Problem Description

The Restaurant Growth problem asks you to determine the maximum number of customers that are present in a restaurant at the same time, given a list of customer arrival and departure times.

You are given a list of intervals, where each interval [arrive, leave] represents a customer who arrives at time arrive and leaves at time leave. A customer is considered present in the restaurant from arrive (inclusive) up to but not including leave.

Constraints:

• Each customer is represented by exactly one interval.
• No two intervals for the same customer.
• Multiple customers may have overlapping intervals.
• Your goal is to return the maximum number of customers present at any point in time.

Thought Process

To solve this problem, let's first consider the brute-force way: for every possible time unit, count how many customers are present. But this is inefficient if the time range is large.
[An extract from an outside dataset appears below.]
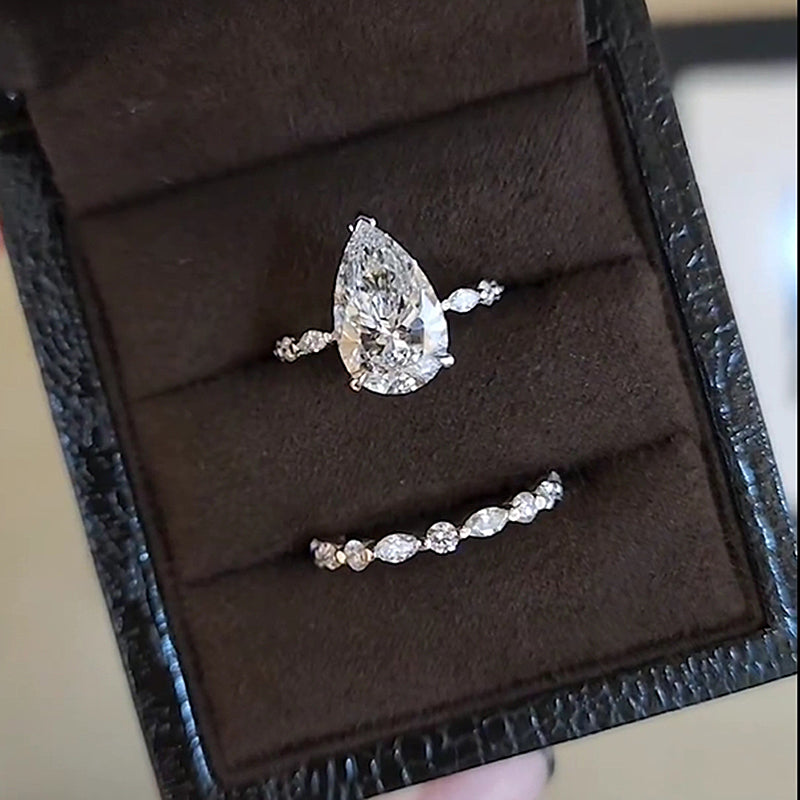 Ahabobo Vintage Pear Cut Wedding Ring Set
We realize that the only times the number of customers change is when someone arrives or leaves. So, instead of checking every possible moment, we can just process these "events" (arrivals and departures).
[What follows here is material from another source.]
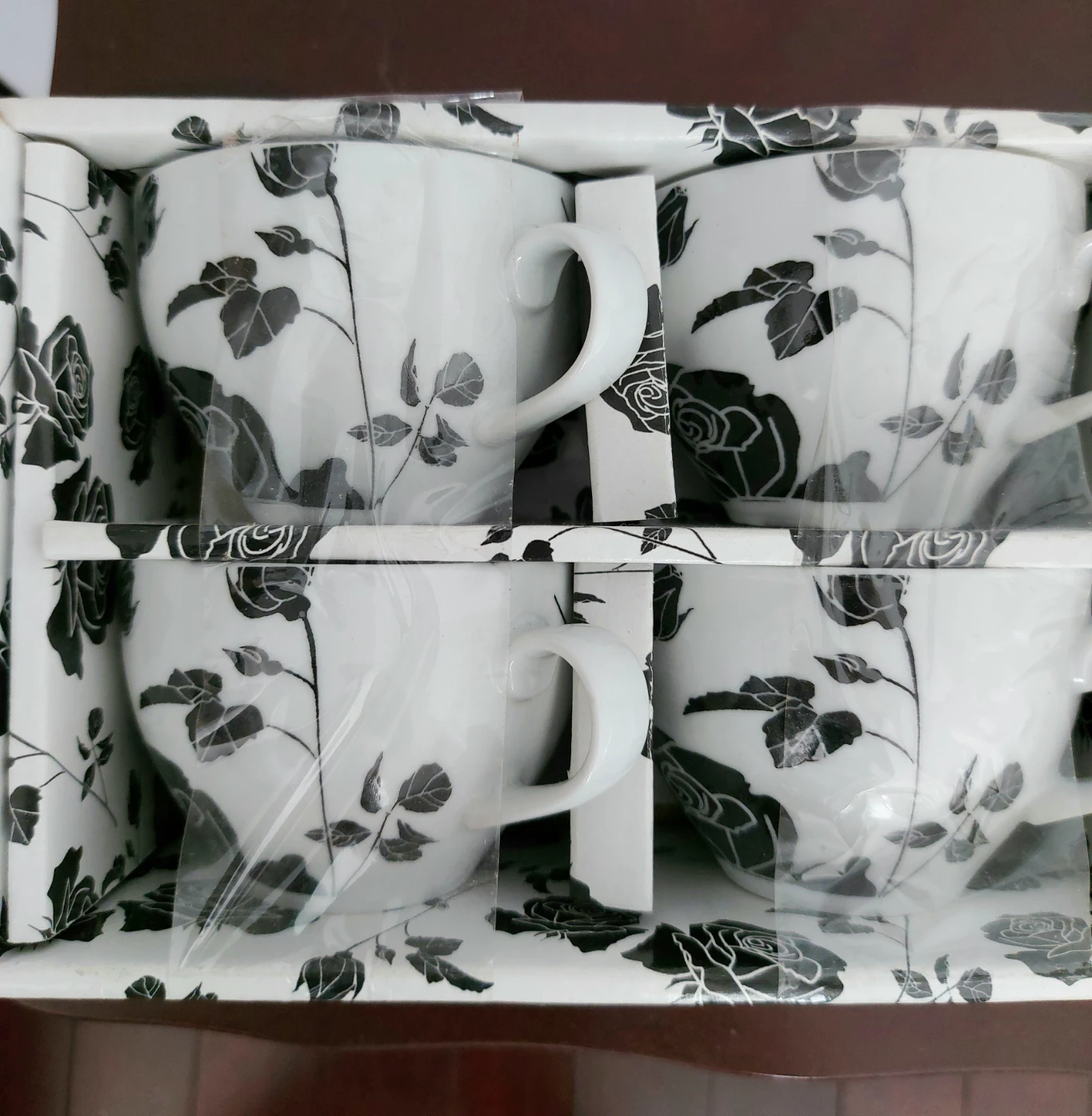 Black and White Floral Teacup Set - photo 2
The key insight is to treat each arrival as +1 and each departure as -1 to the current count of customers. By sorting all these events by time and processing them in order, we can keep a running count of customers in the restaurant and track the maximum at any point.
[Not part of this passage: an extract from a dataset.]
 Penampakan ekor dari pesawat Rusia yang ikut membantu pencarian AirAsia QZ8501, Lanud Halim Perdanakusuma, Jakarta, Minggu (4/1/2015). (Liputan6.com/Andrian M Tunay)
This turns the problem from a potentially slow simulation to a much faster scan of sorted events.

Solution Approach

Here’s how we can efficiently solve the problem:

1. Event Representation:
   • For each customer, create two events: one for arrival (arrive, +1) and one for departure (leave, -1).
2. Sorting:
   • Sort all events by time. If two events have the same time, process departures before arrivals. This ensures that if a customer leaves at the same time another arrives, the count does not temporarily spike.
3. Sweep Line:
   • Initialize a variable to keep track of the current number of customers and another to track the maximum seen so far.
   • Iterate through the sorted events, updating the current count and the maximum as you go.

This approach is known as the sweep line algorithm and is commonly used for interval overlap problems.

Example Walkthrough

Suppose we have the following intervals:

• Customer 1: [1, 4]
• Customer 2: [2, 5]
• Customer 3: [7, 9]

Step 1: Create Events
Events: (1, +1), (4, -1), (2, +1), (5, -1), (7, +1), (9, -1)

Step 2: Sort Events
Sorted: (1, +1), (2, +1), (4, -1), (5, -1), (7, +1), (9, -1)

Step 3: Sweep Through Events

• At time 1: +1 → current = 1, max = 1
• At time 2: +1 → current = 2, max = 2
• At time 4: -1 → current = 1, max = 2
• At time 5: -1 → current = 0, max = 2
• At time 7: +1 → current = 1, max = 2
• At time 9: -1 → current = 0, max = 2

Time and Space Complexity

Brute-force Approach:

• If you checked every possible time between the earliest arrival and latest departure, and for each time checked all intervals, the complexity would be O(T*N), where T is the time range and N is the number of customers.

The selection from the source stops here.